Perkembangan Otonomi Daerah dan dampaknya.

Jalurberita.com - Kebijakan otonomi daerah yang menetapkan sistem Pemerintah desentralisasi sesuai dengan amanat UU No. 32 tahun 2004 yang diharapkan sebagai langkah koreksi terhadap pelaksanaan sistem Pemerintah yang sentralistik, ternyata belum dapat menunjukkan hasil sebagaimana yang diharapkan peran Kepala Daerah (Gubernur, Bupati, Walikota) menjadi sangat besar karena sebagian besar urusan yang selama ini ditangani Pemerintah Pusat diserahkan kepada Daerah.

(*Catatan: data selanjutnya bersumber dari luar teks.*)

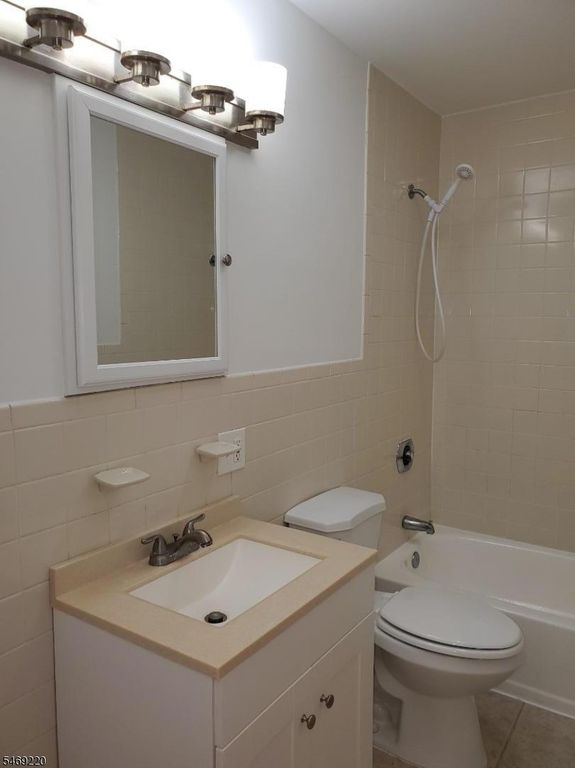100 Pierson Miller Dr 1, Pompton Lakes Boro, NJ 07442 — photo 5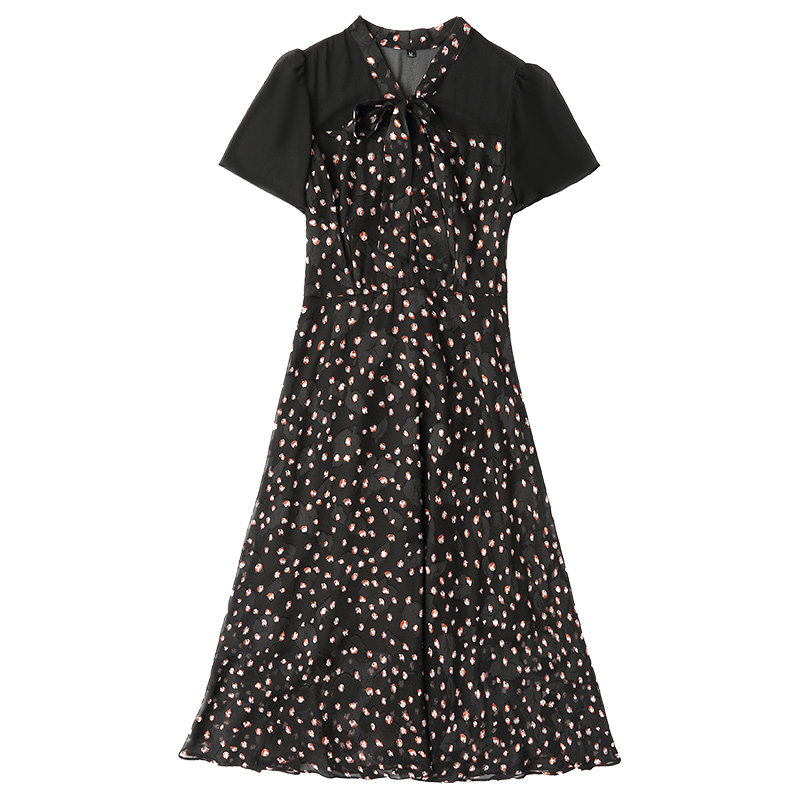  爱朴女装大码女装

Pada umunya daerah dapat menetapkan berbagai kebijakan dan aturan (Perda, Skep/Kep Gubenur, Bupati, Walikota ), disamping itu daerah juga diberi kewenangan untuk megelola sebagian besar potensi sumber daya alam yang ada diwilayahnya, serta upaya-upaya lain dalam rangka peningkatan PAD nya.      Dalam hal pengelolahan anggaran (APBD dan DAU) Kepala daerah atas persetujuan DPRD dapat menggunakan anggaran daerah yang dialokasikan untuk daerah tersebut, dengan demikian menempatkan peran DPR sebagai Lembaga penentu dalam menetapkan dapat tidaknya kebijakan Kepala Daerah (program-program pembagunan Daerah) dilaksanakan.

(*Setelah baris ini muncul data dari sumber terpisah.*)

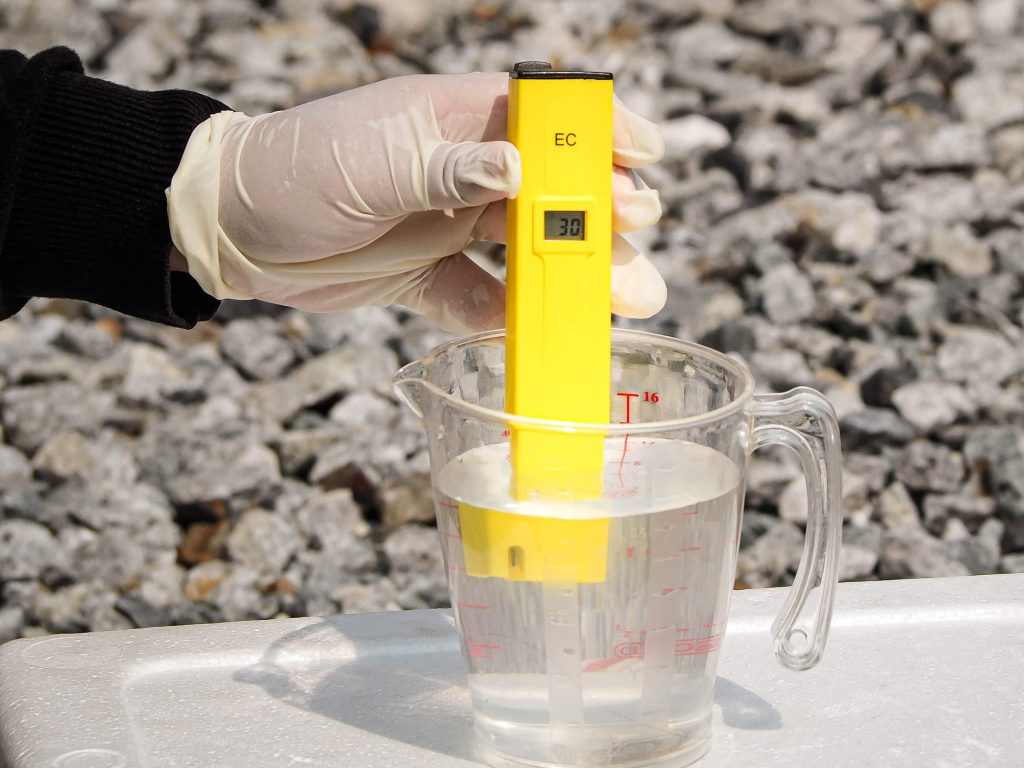 Measuring Electrical Conductivity in Cannabis Cultivation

Dampak negatip yang timbul dari perkembangan pelaksanaan Otonomi Daerah.Sebagai akibat kondisi yang demikian, telah menimbulkan berbagai dampak antara lain tumpang tindihnya berbagai peraturan khususnya antara pusat dan daerah, munculnya birokrasi pemerintah yang semakin berbelit-belit, maraknya kegiatan restribusi serta maraknya ilegal loging, ilegal mining, ilegal fishing dalam rangka mengeksplorasi sumber daya alam dengan dalih untuk meningkatkan PAD, semakin beragam prosedur-prosedur perizinan, semakin maraknya KKN dilingkungan birokrasi serta semakin lebarnya peluang untuk melakukan korupsi.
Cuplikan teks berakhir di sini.